Meta’s Systematic Code and Asset Removal Framework (SCARF) has a subsystem for identifying and removing unused data types.
SCARF scans production data systems to identify tables or assets that are unused and safely removes them.
SCARF avoids tedious manual work and ensures that product data is correctly removed when a product is shut down.

This is the third and final post in our series on Meta’s Systematic Code and Asset Removal Framework (SCARF). SCARF contains a combination of subsystems that analyze code and data usage throughout Meta to aid in the safe and efficient removal of deprecated products. In our first post on automating product deprecation, we discussed the complexities of product deprecations and introduced SCARF’s workflow management tools that guide engineers through a coordinated process to safely deprecate products. In the second post on automating dead code cleanup, we discussed SCARF’s dead code subsystem and its ability to analyze both static and dynamic usage of code to automatically generate change requests to remove unused code.
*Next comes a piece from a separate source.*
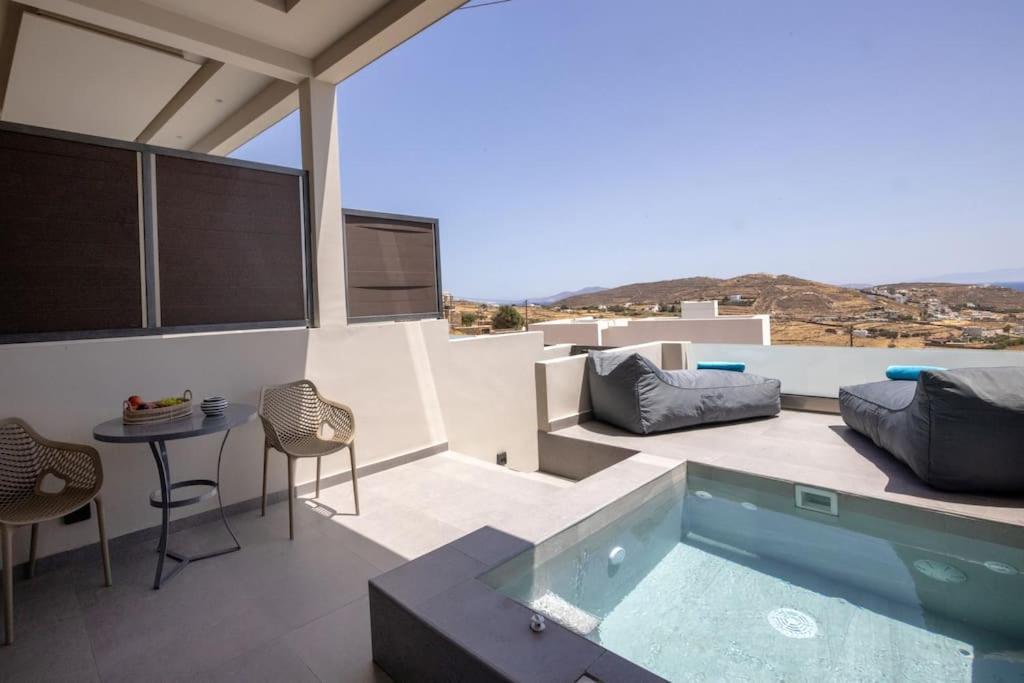 Pearl Suites And Villa Tinos Exterior photo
Throughout this series, we have referred to the example of the deprecation of a photo sharing app called Moments, which Meta launched in 2015 and eventually shut down in 2019.

In this post, we introduce the subsystem responsible for automating the identification and safe removal of unused data types at Meta. This process can be unexpectedly difficult, because large software systems are inevitably interconnected. Moments relied on several pieces of shared Facebook functionality and infrastructure, and deleting it was more complicated than simply turning off servers and removing data tables.

Unused data cleanup

SCARF implements an unused data type cleanup system for Meta engineers to leverage when they want to ensure consistent removal of unused data. SCARF scans data systems to identify each type of data stored (for example, identifying all the tables in a relational database) and, for each of these, determines whether the data is being used. If any of the assets are not in use, SCARF initiates a process to safely remove them.

The types of data tracked by SCARF vary and include things like database tables, partitioned “use cases” in shared storage systems, or object classes. Each represents a class of data — not individual records. Meta has a separate system, DELF, for deleting individual records, rows, and objects.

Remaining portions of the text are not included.